Starting point is 00:08:03 Yeah. One of the things I wanted to highlight is a project called cache.py that saves all this stuff off to a file. This would be helpful, especially if you've got a command line tool that gets called lots of times. It isn't going to be able to store everything in memory. So being able to save it in a file might be helpful. The interface is just a decorator to say,

Starting point is 00:08:25 hey, this function, you can cache the results so you throw a decorator on it called, it's just cache.cache, decorator onto your function and it just works and there's a whole bunch of customization you can do. You can say how long the cache is good for and where the file should be and things like that but the default just kind

Starting point is 00:08:45 of works pretty good too yeah i really like this so the thing is the built-in stuff only works in memory and so once the process is done it's done but like you said if this is a command line tool you're stringing together and you want it to keep that data for a certain amount of time or just always keep it so that it's like well if you pass me seven the answer is always going to be this right yeah that's yeah it's great that that'll keep it on the file system and it uses pickle right i'm not sure yeah let's see yeah currently uses pickle and inspect under the hood making it not portable so you can't like take your cache file and move it to windows when you ran it on linux or something i believe yeah because it you know memory structure and different versions of python and so on so what remind me what was the

Starting point is 00:09:29 built-in one that works in memory it's on funk tools and it's a lru cache i believe okay tools lru cache yeah yeah yeah i brought this up also mostly because i know a lot of people teach them learn on the job or teach themselves to program. I'm not bragging that I have a computer science degree, but this is one of those topics that you probably don't come up with on your own. It's a clever thing and a nice, useful tool for your toolbox, but it's not something that's obvious. It wasn't obvious to me until I learned about it. Yeah, same here. I think the first time I learned about this was when I started studying design patterns and stuff like that. And somehow it came up in there. I'm like, Oh, that's pretty clever. Yeah. When you are working with code

Starting point is 00:10:11 and it's slow to me, it seems like there's two things that are really, really powerful that can just go, Oh, well now it's a hundred times faster. That's cool. And that was like one line of code. You know, one is using the wrong kind of data structure. Like if you're using a list, but you really should use a set because you're testing for membership on a big set, something like that, or dictionaries or whatever. The other one is this kind of caching, right? Like if you're doing something and it takes a long time, even if it's going out to the internet and calling a service, like if you think that data changes once a day, it'd be totally great to put like a one minute cache on that if you're calling it a bunch of times.

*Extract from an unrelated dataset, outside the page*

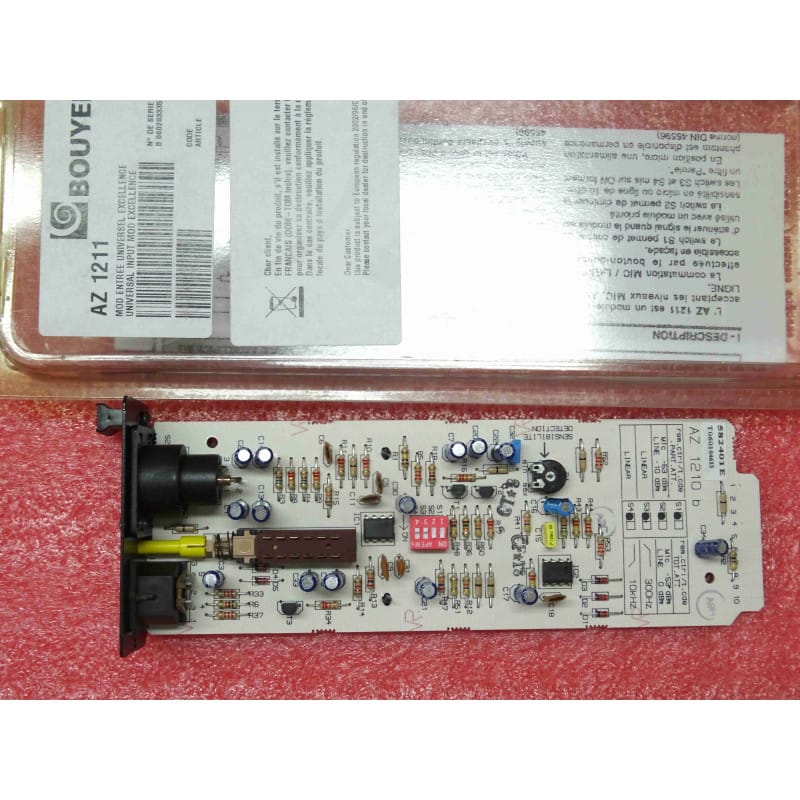 [AZ 1211] Amplificateur de Sonorisation Bouyer AZ 1211 (Modèle Excellence)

Starting point is 00:10:44 Yeah. And it can, like you said, it can, it can make a massive improvement speed up. And it's like sort of an obvious of, you know, after you see it, you're like, well, yeah, duh, I didn't even think of that. Absolutely. So I really think, I think this is a cool one because it takes that idea and it just makes it easy to carry it across different processes or different runs of the same process. Okay. So before we get on the next one, let me just tell you all about DigitalOcean. They're doing all sorts of cool stuff. Our infrastructure runs on it. Really, really nice and reliable.

Starting point is 00:11:12 One of the things I want to highlight this time is their work with Kubernetes, Docker and coordinating Docker, orchestrating Docker stuff with Kubernetes is a big deal these days. And so they're launching a new Kubernetes cluster over at DigitalOcean. So a really nice way to manage and deploy your container workloads in the cloud. And if you go to pythonbytes.fm slash DigitalOcean and you're a new user, you get $100 credit to Kubernetes all the way if you want. You can run a lot of Kubernetes for $100 in the cloud.

Starting point is 00:11:42 So that's pretty awesome. Yeah, very cool. Yeah, so check them out, pythonbytes.fm.com. They're big supporters of the show, and they keep us going strong each week, don't they? Yeah, I'm very grateful for them. Yep. The next one I want to tell you about is a really short video. Last week, I covered an hour and a half video about being an expert on Python.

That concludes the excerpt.